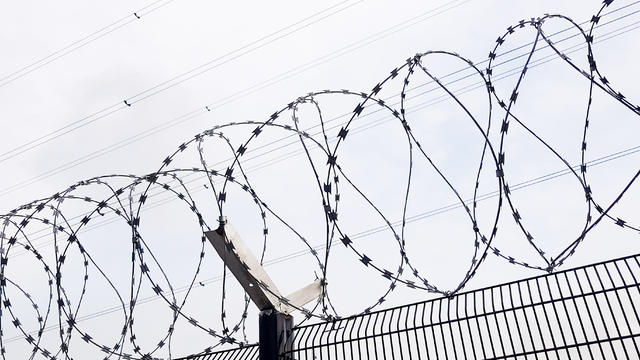 razor-wire.jpg 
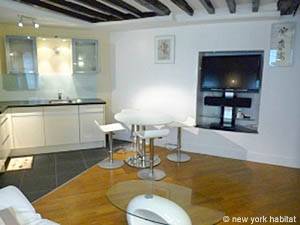 Paris 1 Bedroom apartment - living room (PA-3934) photo 7 of 11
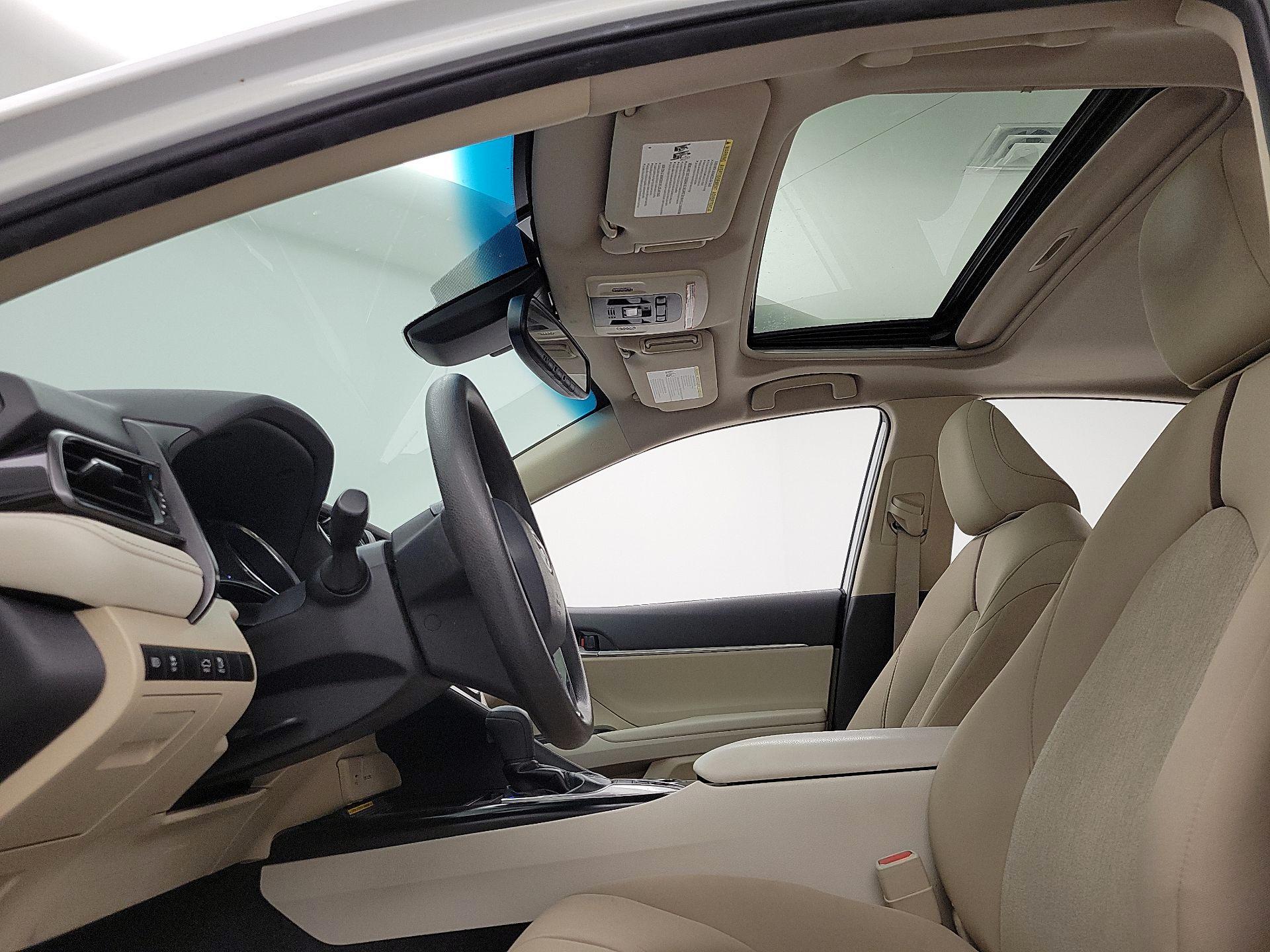 Thumbnail: 2019 Toyota Camry - 19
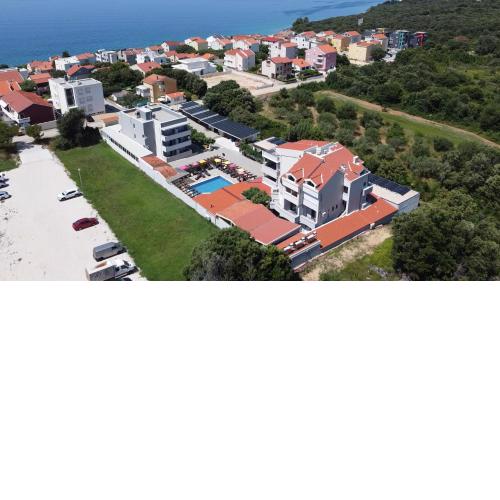 Aparthotel Plat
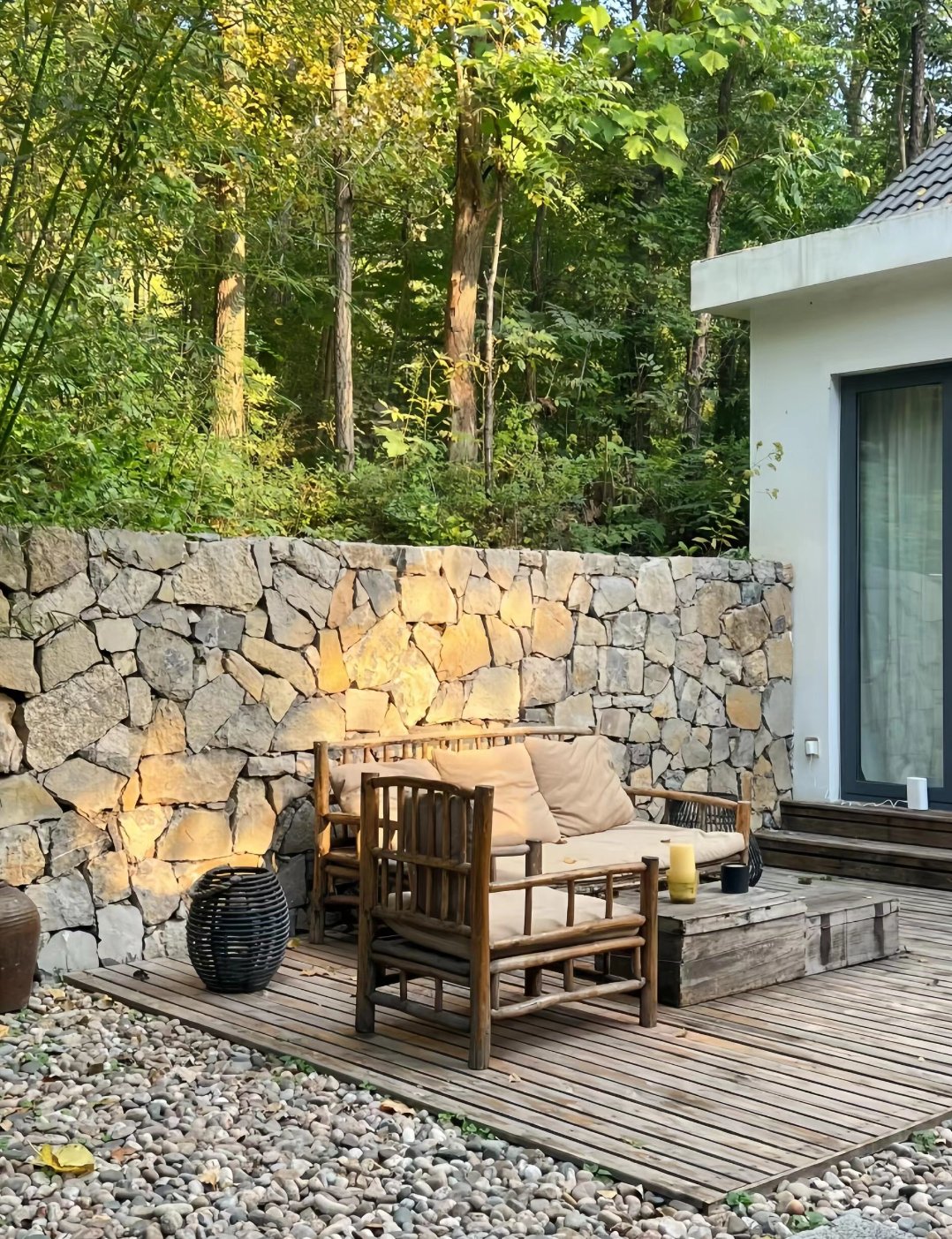 淡季美哭 民宿坐落在原汁原味的村子里,远离市区,在这里真正的可以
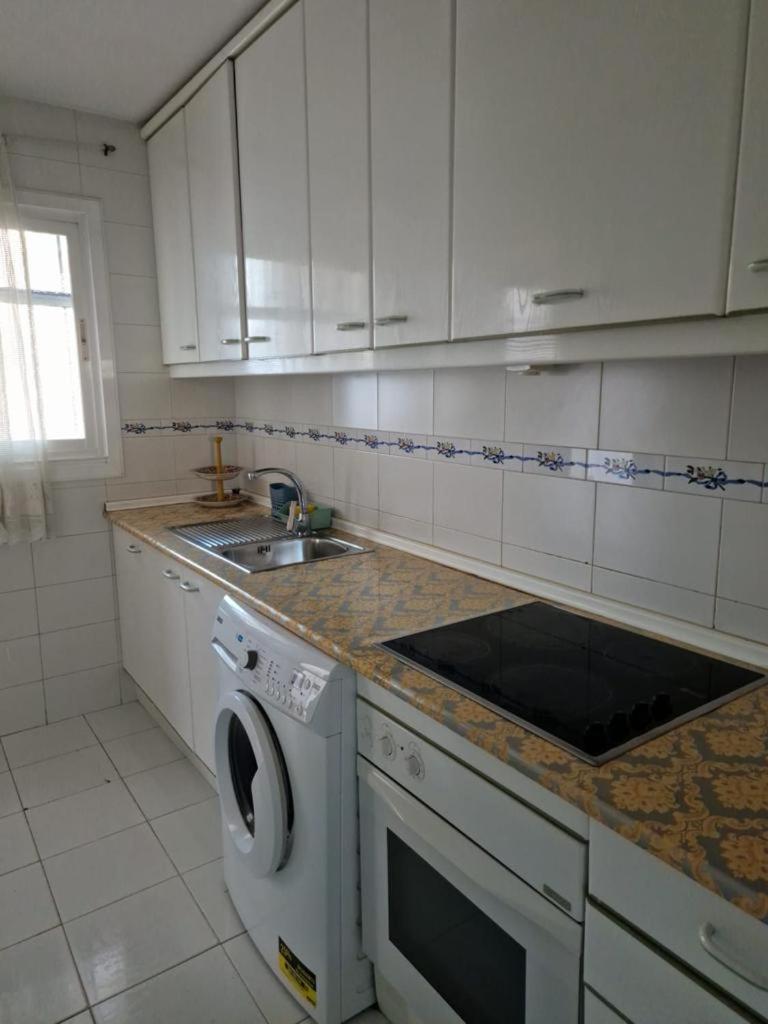Ola Blanca Carihuela Apartamento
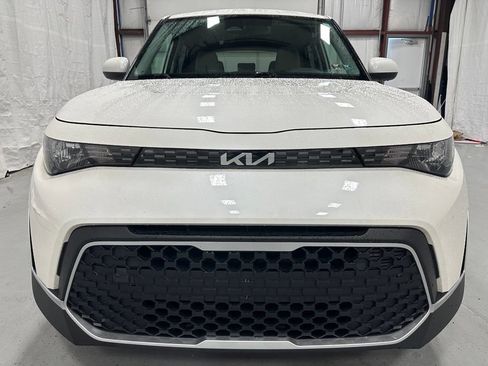 Used 2023 Kia Soul LX w/ LX Technology Package FWD image 2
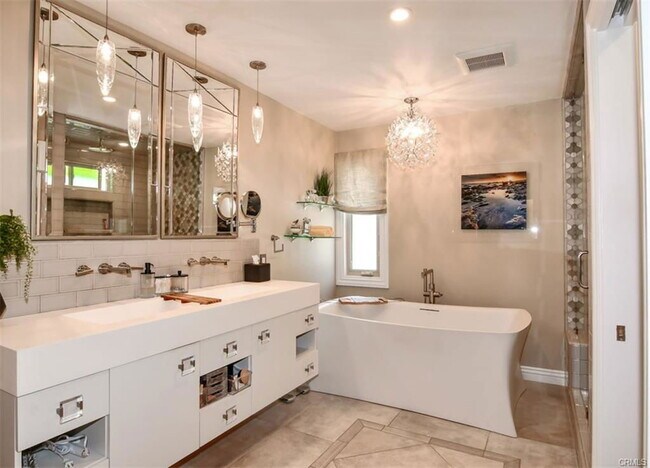 Building Photo - 43 Mainsail Dr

[About this exercise]: Wherever a picture appears in the listing above, drop it, and restate the rest exactly.

[Answer space]:
 razor-wire.jpg 
 Paris 1 Bedroom apartment - living room (PA-3934) photo 7 of 11
 Thumbnail: 2019 Toyota Camry - 19
 Aparthotel Plat
 淡季美哭 民宿坐落在原汁原味的村子里,远离市区,在这里真正的可以
Ola Blanca Carihuela Apartamento
 Used 2023 Kia Soul LX w/ LX Technology Package FWD image 2
 Building Photo - 43 Mainsail Dr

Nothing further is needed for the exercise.